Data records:
****

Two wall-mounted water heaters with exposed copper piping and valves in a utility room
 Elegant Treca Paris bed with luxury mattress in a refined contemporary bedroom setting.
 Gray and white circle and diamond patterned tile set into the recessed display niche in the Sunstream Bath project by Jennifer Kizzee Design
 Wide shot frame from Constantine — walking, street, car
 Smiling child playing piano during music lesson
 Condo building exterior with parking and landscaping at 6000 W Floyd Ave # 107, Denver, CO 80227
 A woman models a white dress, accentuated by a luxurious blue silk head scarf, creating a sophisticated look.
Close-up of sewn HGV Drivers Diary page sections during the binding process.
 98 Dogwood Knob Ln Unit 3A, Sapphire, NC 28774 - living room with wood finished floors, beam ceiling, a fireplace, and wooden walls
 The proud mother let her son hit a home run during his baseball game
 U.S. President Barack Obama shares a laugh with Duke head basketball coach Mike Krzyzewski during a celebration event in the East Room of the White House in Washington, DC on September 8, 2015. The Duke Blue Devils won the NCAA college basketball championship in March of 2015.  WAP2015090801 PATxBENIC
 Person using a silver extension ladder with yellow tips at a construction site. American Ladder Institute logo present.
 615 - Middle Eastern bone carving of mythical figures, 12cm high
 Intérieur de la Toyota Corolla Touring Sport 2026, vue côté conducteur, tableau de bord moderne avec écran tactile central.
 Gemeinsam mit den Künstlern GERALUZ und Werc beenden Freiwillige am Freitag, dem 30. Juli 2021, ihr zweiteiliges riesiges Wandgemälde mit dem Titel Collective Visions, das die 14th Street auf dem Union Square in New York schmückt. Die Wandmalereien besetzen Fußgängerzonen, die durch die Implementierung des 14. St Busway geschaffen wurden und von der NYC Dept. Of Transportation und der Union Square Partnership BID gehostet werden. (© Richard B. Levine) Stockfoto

****

*Requirement*: Where a line of the records has the string "head", return that line.

*Exercise solution*:
 A woman models a white dress, accentuated by a luxurious blue silk head scarf, creating a sophisticated look.
 U.S. President Barack Obama shares a laugh with Duke head basketball coach Mike Krzyzewski during a celebration event in the East Room of the White House in Washington, DC on September 8, 2015. The Duke Blue Devils won the NCAA college basketball championship in March of 2015.  WAP2015090801 PATxBENIC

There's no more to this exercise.